In January, Mark Zuckerberg decided that his resolution for 2018 would be to ‘fix’ Facebook, in the belief that “we’ll end 2018 on a much better trajectory.”
“The world feels anxious and divided, and Facebook has a lot of work to do — whether it’s protecting our community from abuse and hate, defending against interference by nation states, or making sure that time spent on Facebook is time well spent,” Zuckerberg wrote at the time. “We won’t prevent all mistakes or abuse, but we currently make too many errors enforcing our policies and preventing misuse of our tools.”
As the end of 2018 draws near, it’s safe to say Zuckerberg’s ‘much better trajectory’ has remained elusive. Facebook’s stock price has fallen from $181.42 per share at the beginning of this year to $134.52 at market close on Wednesday. It has managed to anger governments across the world due to negligence in protecting user data, poorly implemented ad products, and failure to stop bad actors in various markets from at best using sketchy growth tactics to get more clicks on their websites and at worst inciting genocide.
While not all of Facebook’s crises have been self-inflicted, some of the worst have been exacerbated by the company’s failure to quickly take responsibility for mistakes. Here are some of the most egregious examples over the past year.
Zuckerberg and Sandberg’s decision to keep quiet in the days following Cambridge Analytica
Facebook’s year got off to a bad start when by March it was facing bombshell reports from the Guardian’s Observer and the New York Times about how the company had failed to stop data analytics firm Cambridge Analytica from improperly using the personal data of nearly 86 million users for ad targeting. Cambridge Analytica, for anyone who missed it, had gotten the data from a researcher who created a personality quiz app called thisisyourdigitallife before Facebook restricted the amount of data app developers could gather, starting in 2014.

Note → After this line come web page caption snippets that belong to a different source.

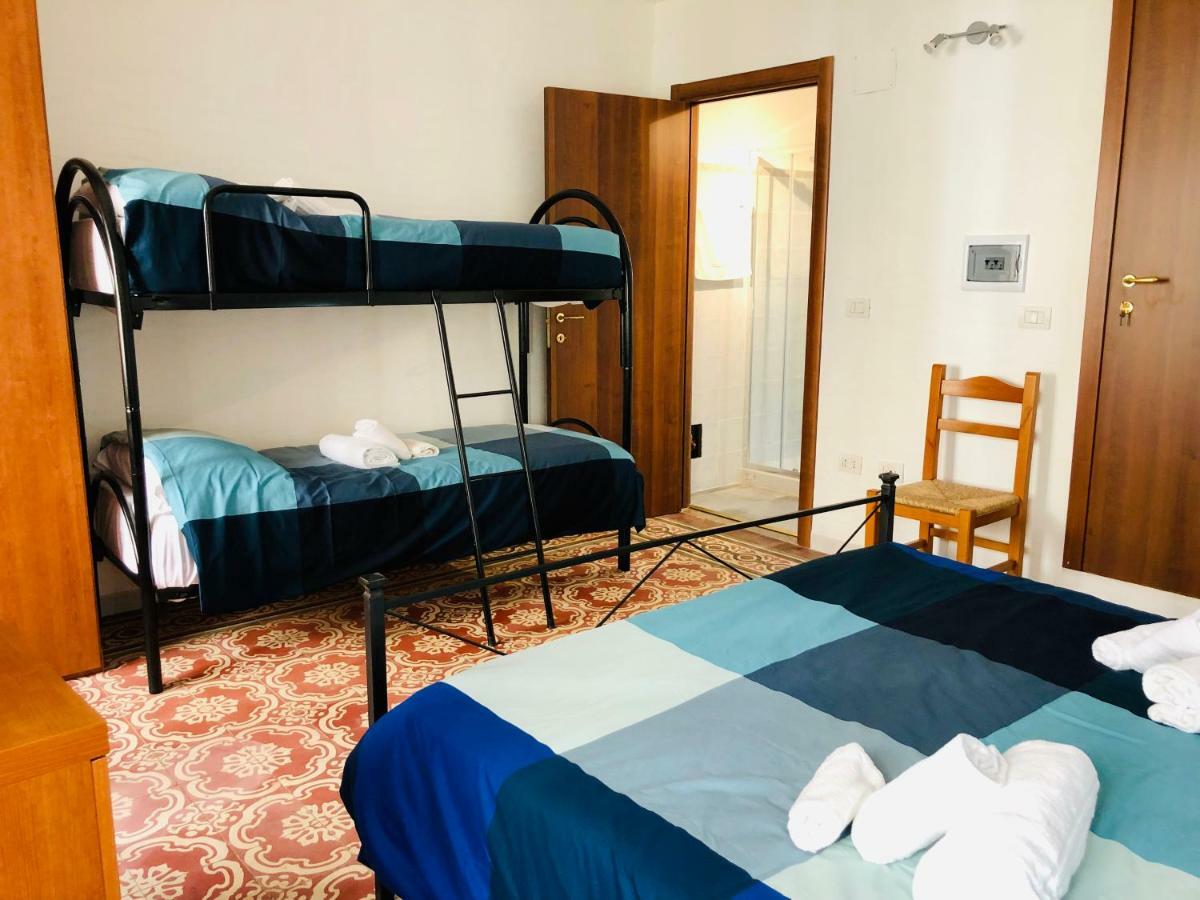 Il Terrazzino Iglesias Bed & Breakfast Luaran gambar
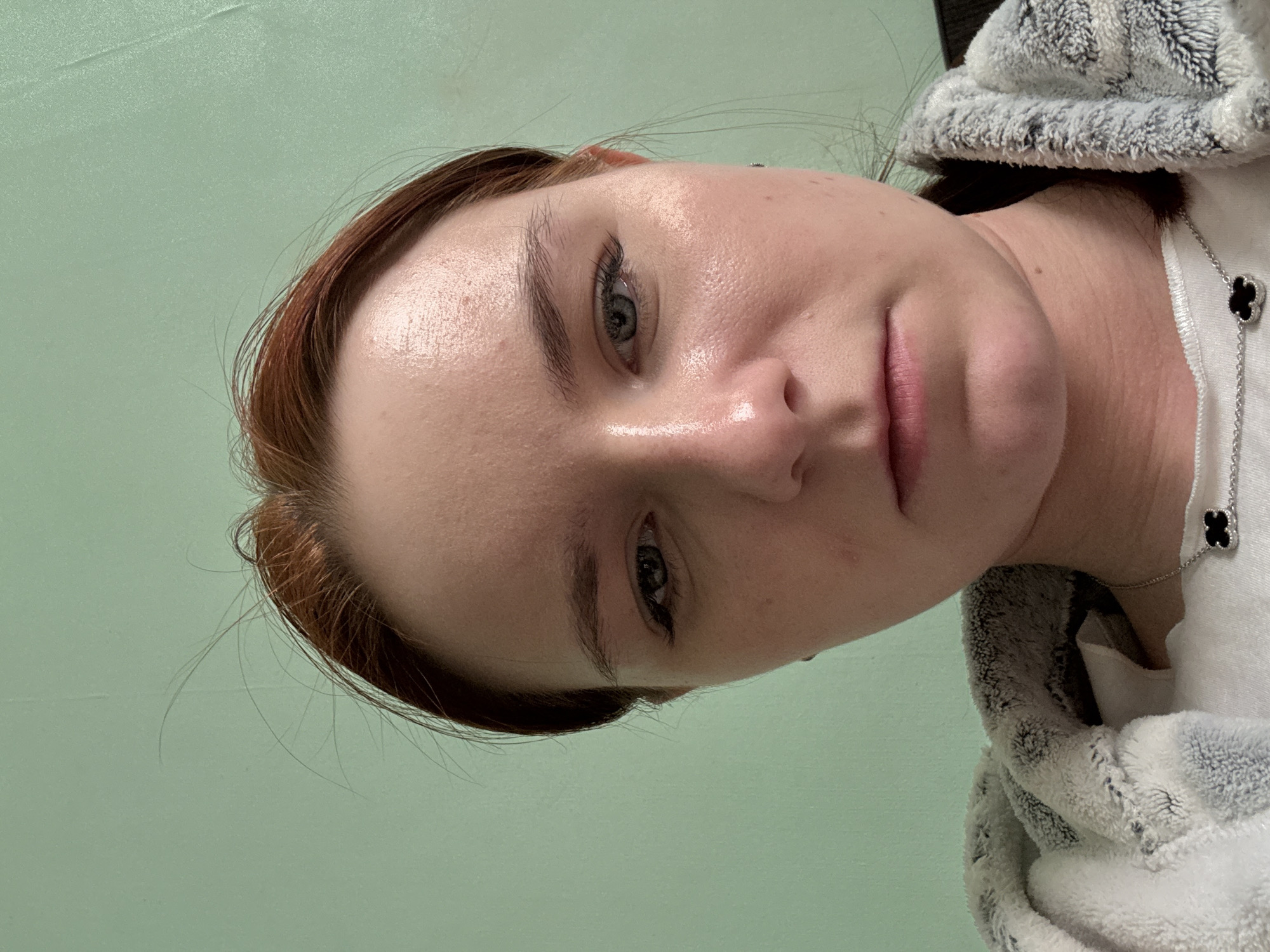 Woman documents afternoon food shopping and selfies in Saint Petersburg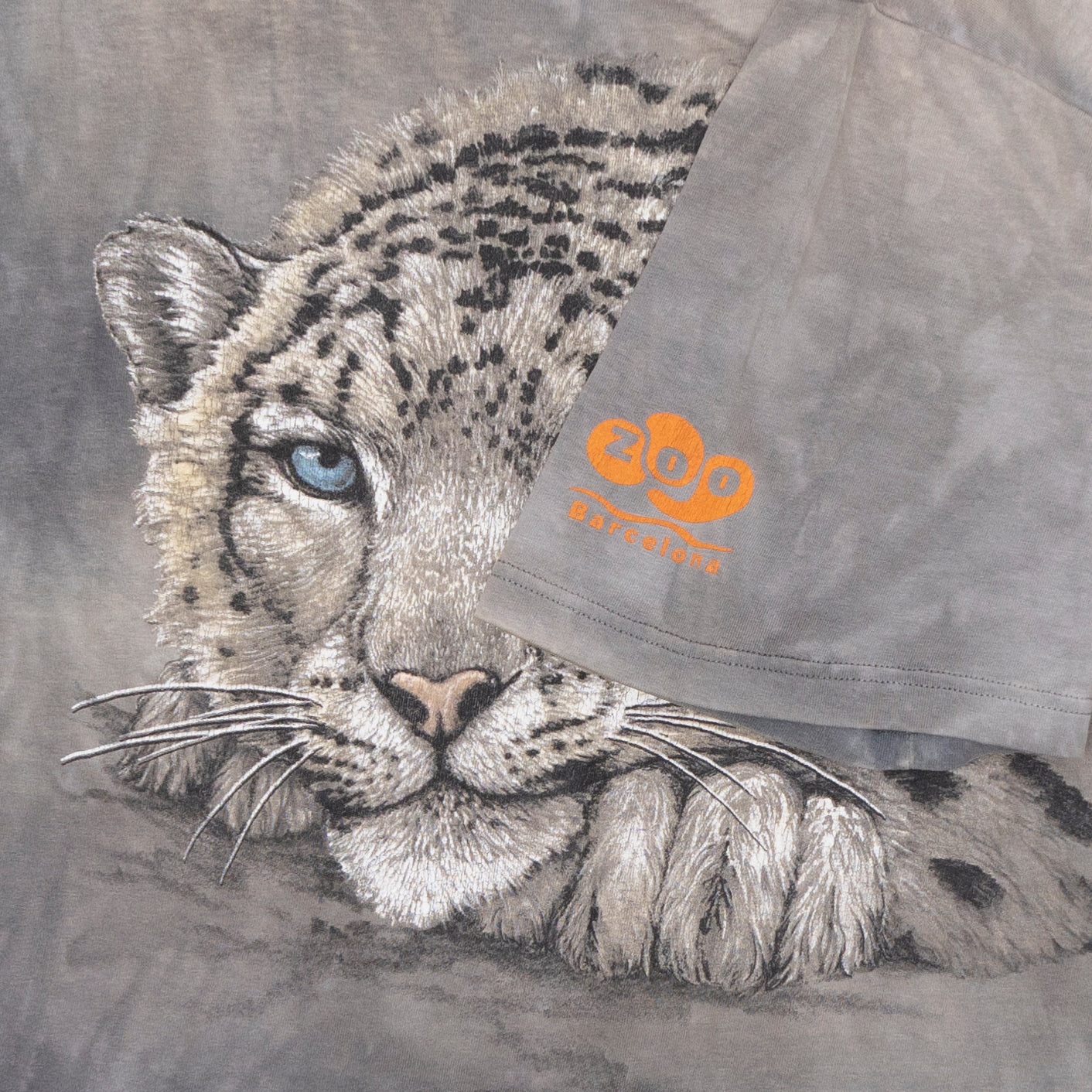 Harlequin Snow Leopard T Shirt, L
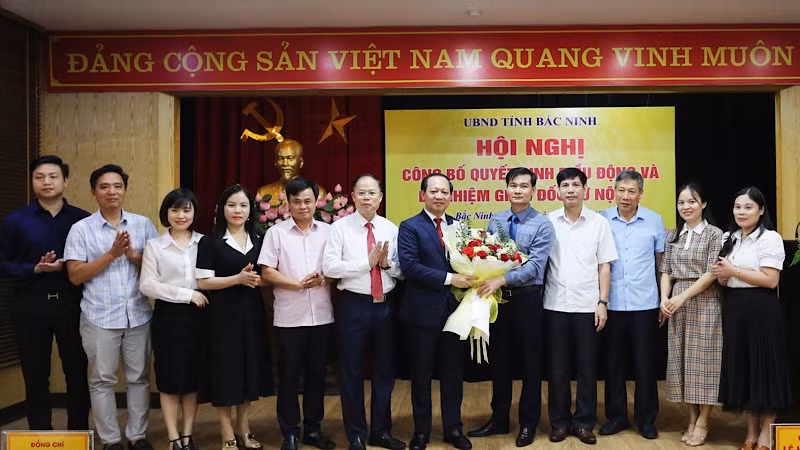 Tập thể cán bộ, lãnh đạo Sở Nội vụ chúc mừng đồng chí Lê Hồng Phúc.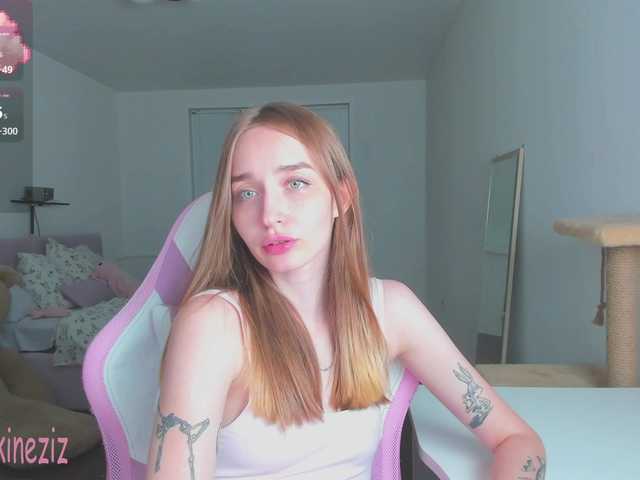 Polikinesis live cam on BongaCams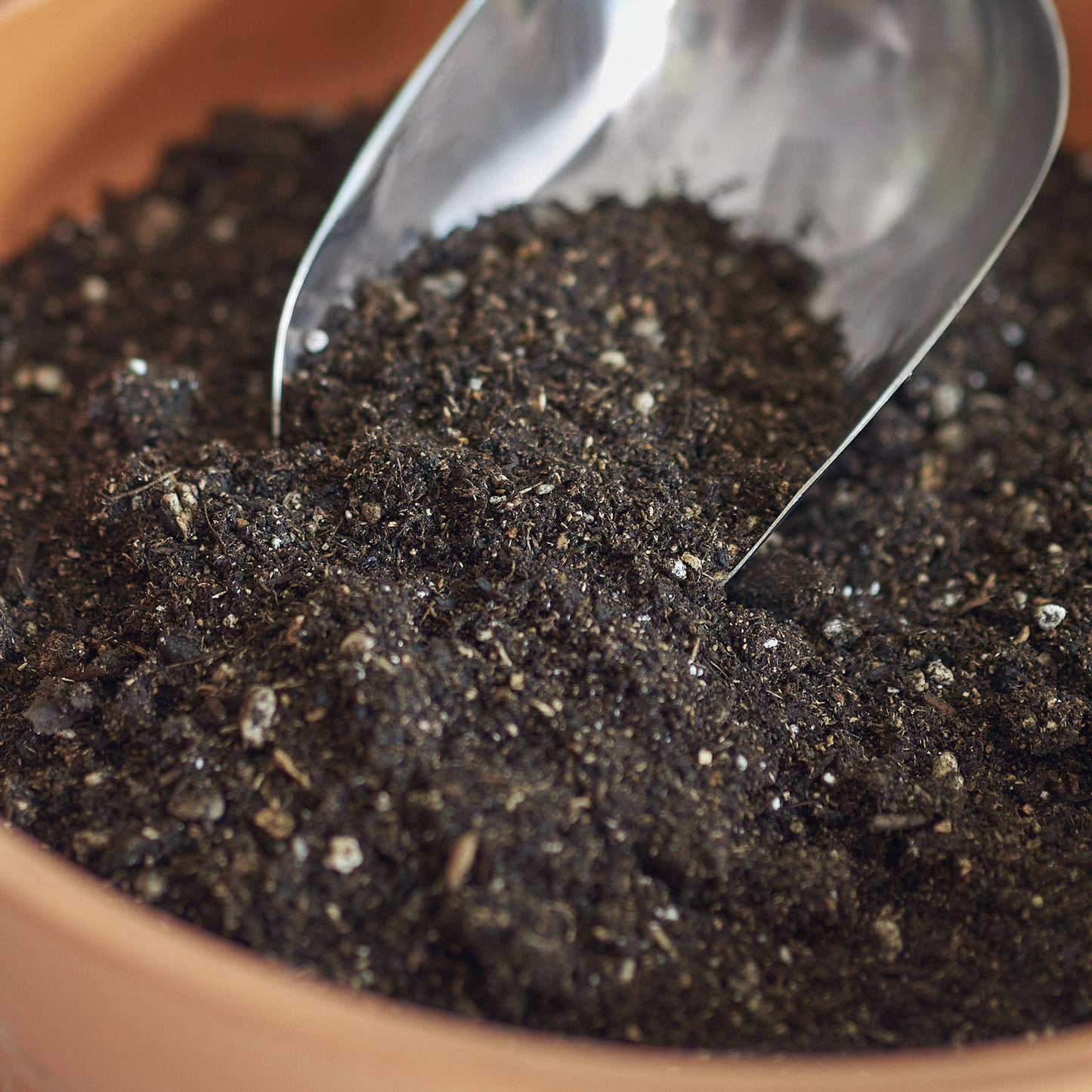 Indoor Plant Potting Soil - Puck - Plantonio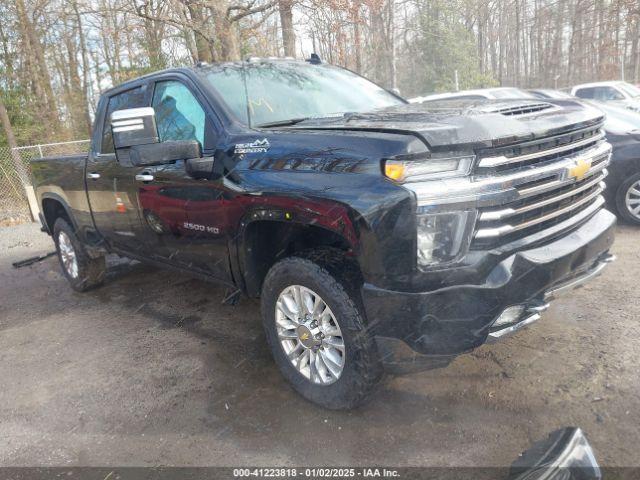  Salvage Chevrolet Silverado 2500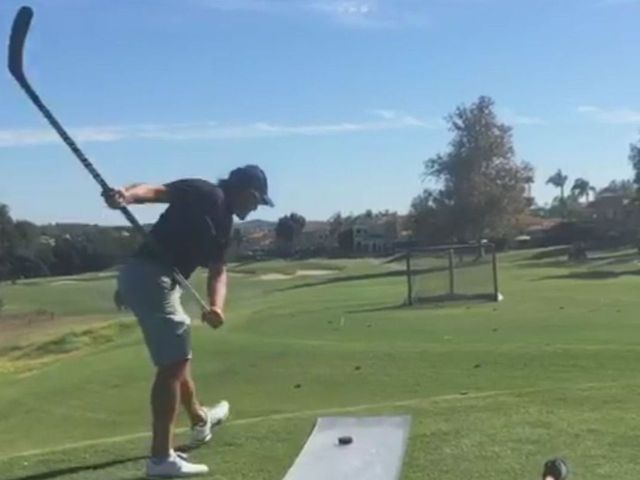 Selanne nails long-distance slap shot at charity golf tournament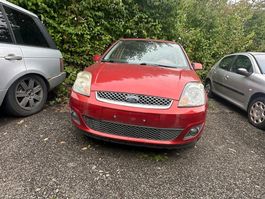 FORD Fiesta 1.4 16V Trend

Before the Observer’s story was published, Facebook sent a letter to the publication threatening to sue, according to lead reporter Carole Cadwalladr. Then Facebook tried to get ahead of the story by announcing that it was suspending Cambridge Analytica, though the company’s first statement — issued by its general counsel, not Zuckerberg — tried to emphasize that things had changed by focusing on the fact that Facebook had already limited the amount of user information developers could access several years ago. The problem was that Facebook had let the genie out of the bottle by giving apps access to that data in the first place. Cambridge Analytica proved that bad actors could misuse such data for years to come, and Facebook needed to not just apologize for what it had done in the past but do a better job of monitoring developers in the present.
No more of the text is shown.